- The problem -
Copy the entries below word for word, minus the pictures.

Web page caption snippets
──────────

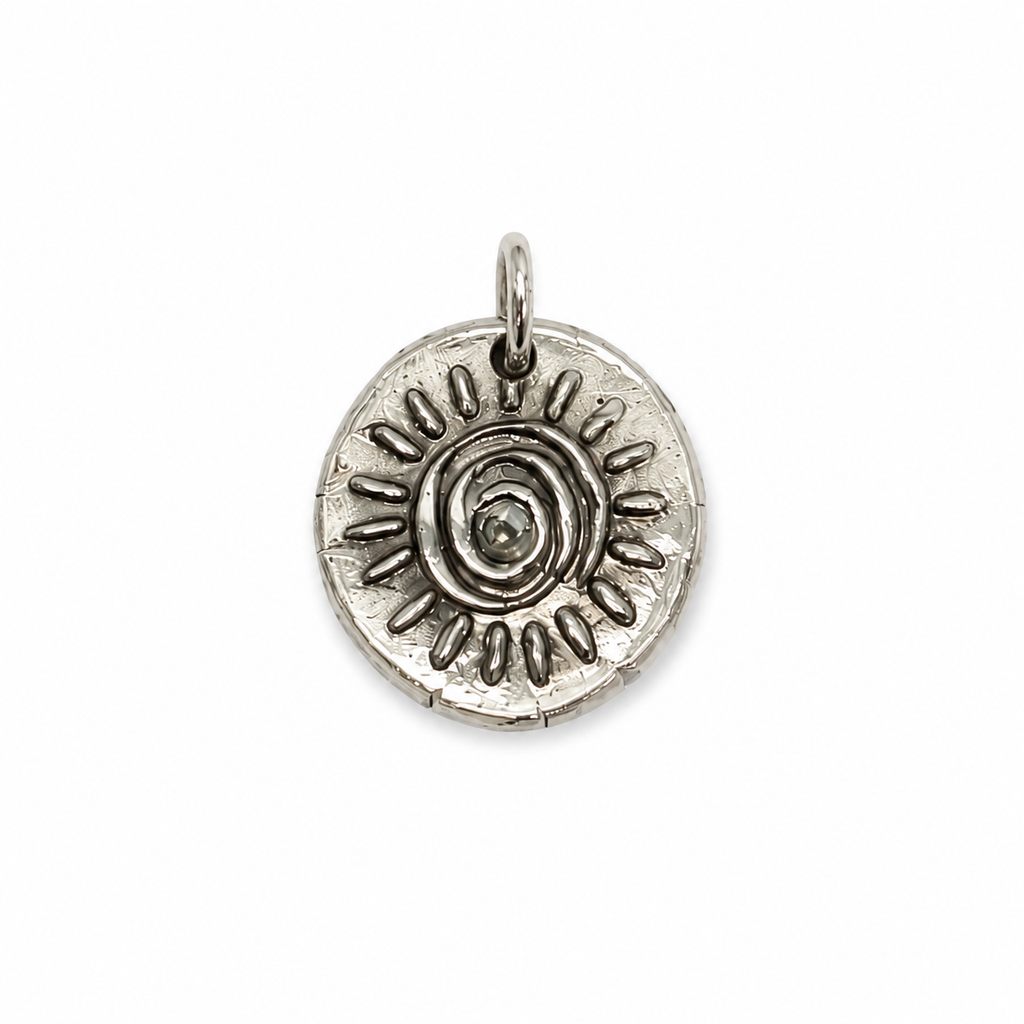 White Bronze Sun Necklace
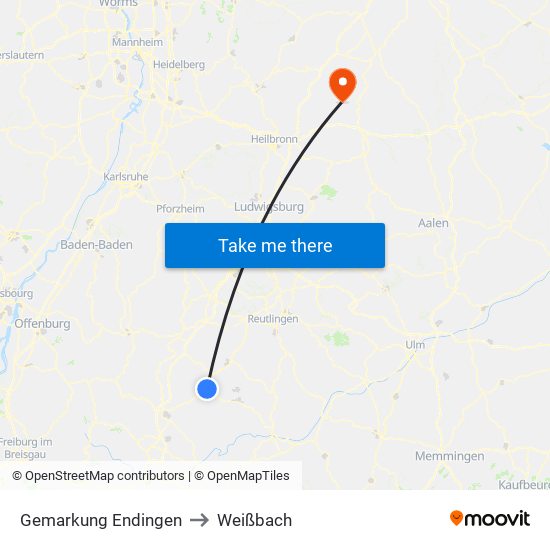 Gemarkung Endingen to Weißbach map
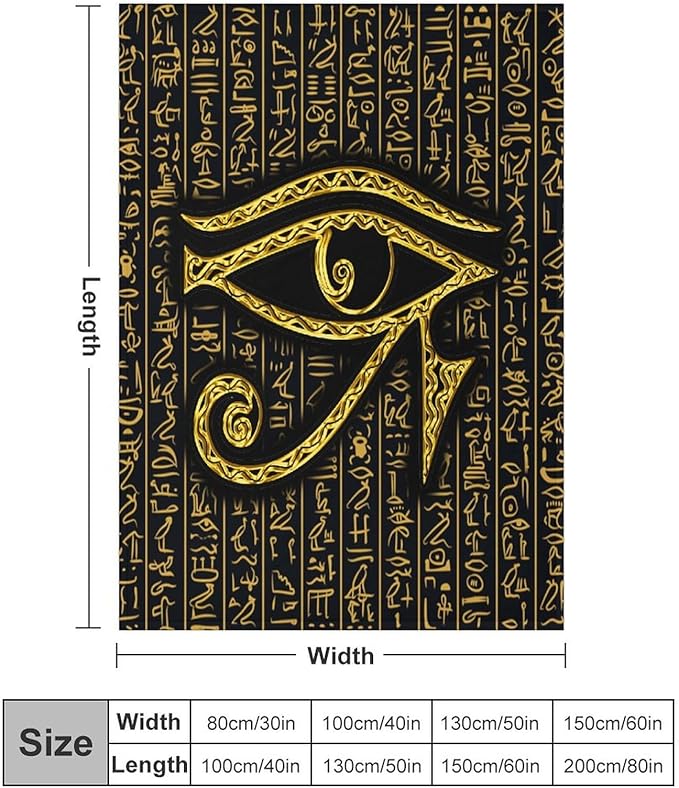 Ancient Egyptian Blanket, Egyptian Eye of Horus Ancient Culture Golden Egyptian Hieroglyphs Alphabet Print Blankets for Couch Sofa Bed Boys Mens, 30"x40"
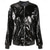 cheap Tops-Women&#039;s Sequin Fitted Long Sleeve Zipper Blazer Bomber Jacket Retro Vintage Disco 1980s TS Style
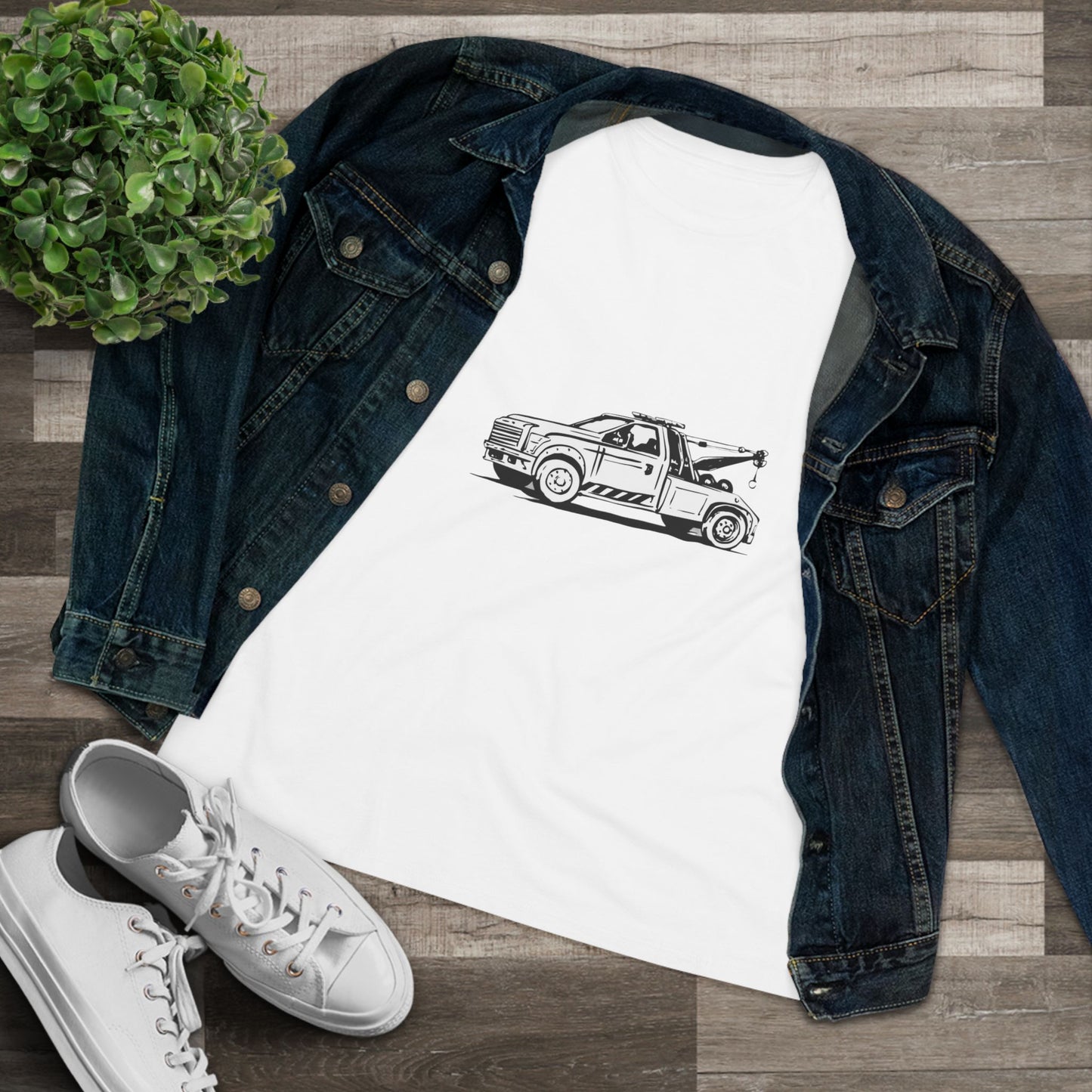 Wheel Lift Tow Truck Women's Short Sleeve Crewneck Tee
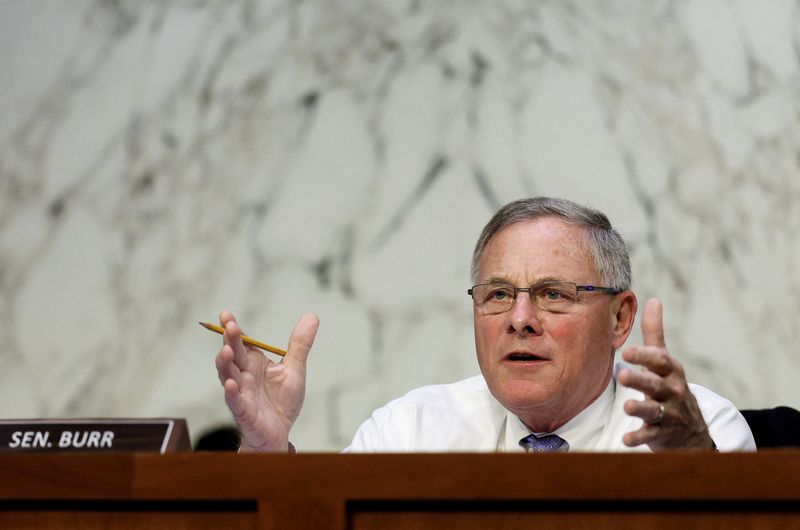 &copy; Reuters. FILE PHOTO: U.S. Senator Richard Burr (R-NC) questions Dr. Anthony, Fauci, Director of the National Institute of Allergy and Infectious Diseases, during a Health, Education, Labor, and Pensions Committee hearing on the monkeypox outbreak, in Capitol Hill 
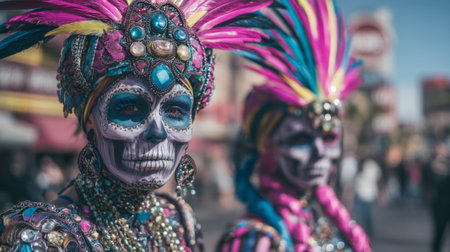 bright noon light, dancers in skull makeup and colorful costumes walking through the streets. Generative AIの素材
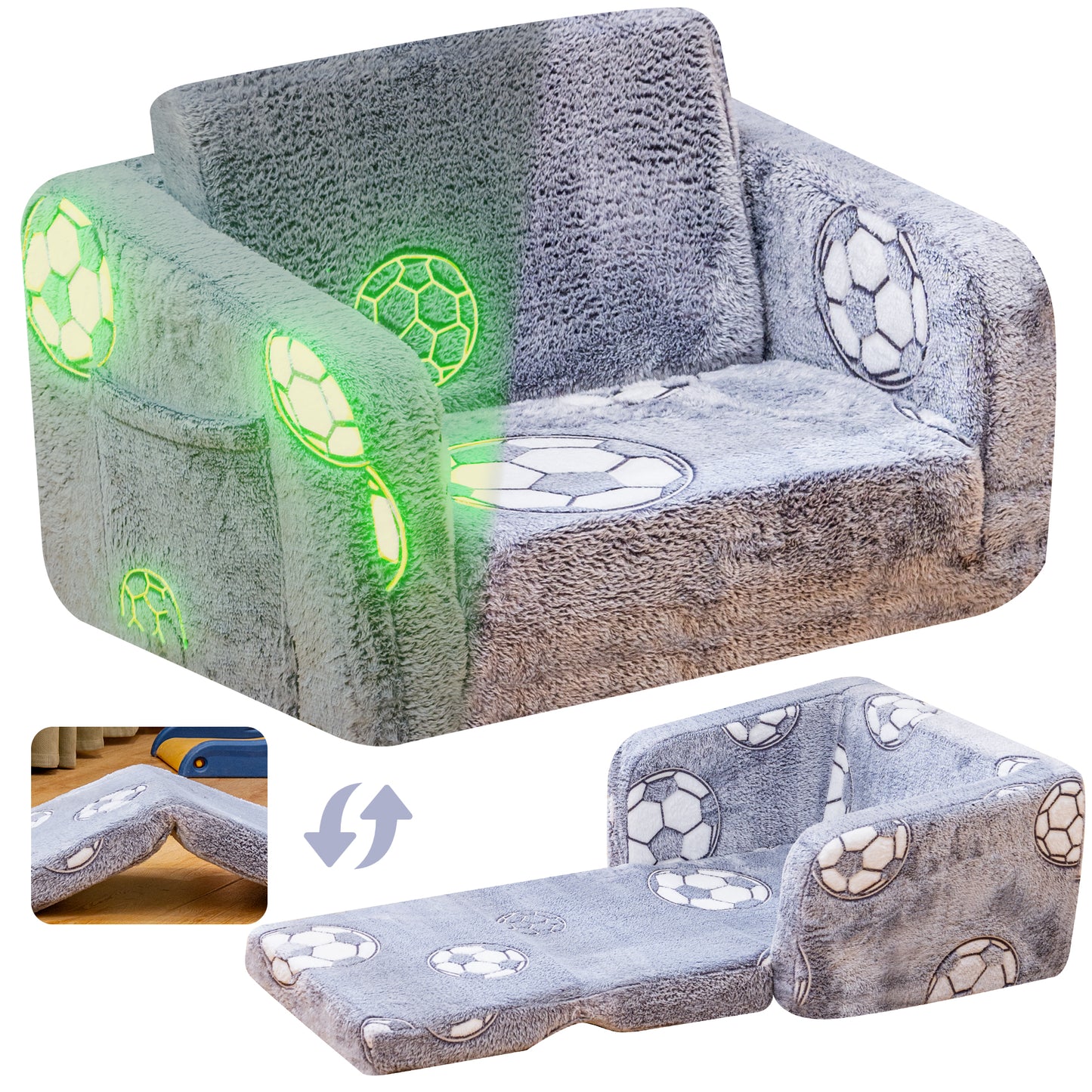 Baxluxe Modular Play Couch - Glow in the Dark Play Couch for Kids, Soft & Comfy, Adjustable Backrest, Suitable for Ages 3+ Years kid foam couch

──────────

- Response -
 White Bronze Sun Necklace
 Gemarkung Endingen to Weißbach map
 Ancient Egyptian Blanket, Egyptian Eye of Horus Ancient Culture Golden Egyptian Hieroglyphs Alphabet Print Blankets for Couch Sofa Bed Boys Mens, 30"x40"
 cheap Tops-Women&#039;s Sequin Fitted Long Sleeve Zipper Blazer Bomber Jacket Retro Vintage Disco 1980s TS Style
 Wheel Lift Tow Truck Women's Short Sleeve Crewneck Tee
 &copy; Reuters. FILE PHOTO: U.S. Senator Richard Burr (R-NC) questions Dr. Anthony, Fauci, Director of the National Institute of Allergy and Infectious Diseases, during a Health, Education, Labor, and Pensions Committee hearing on the monkeypox outbreak, in Capitol Hill 
 bright noon light, dancers in skull makeup and colorful costumes walking through the streets. Generative AIの素材
 Baxluxe Modular Play Couch - Glow in the Dark Play Couch for Kids, Soft & Comfy, Adjustable Backrest, Suitable for Ages 3+ Years kid foam couch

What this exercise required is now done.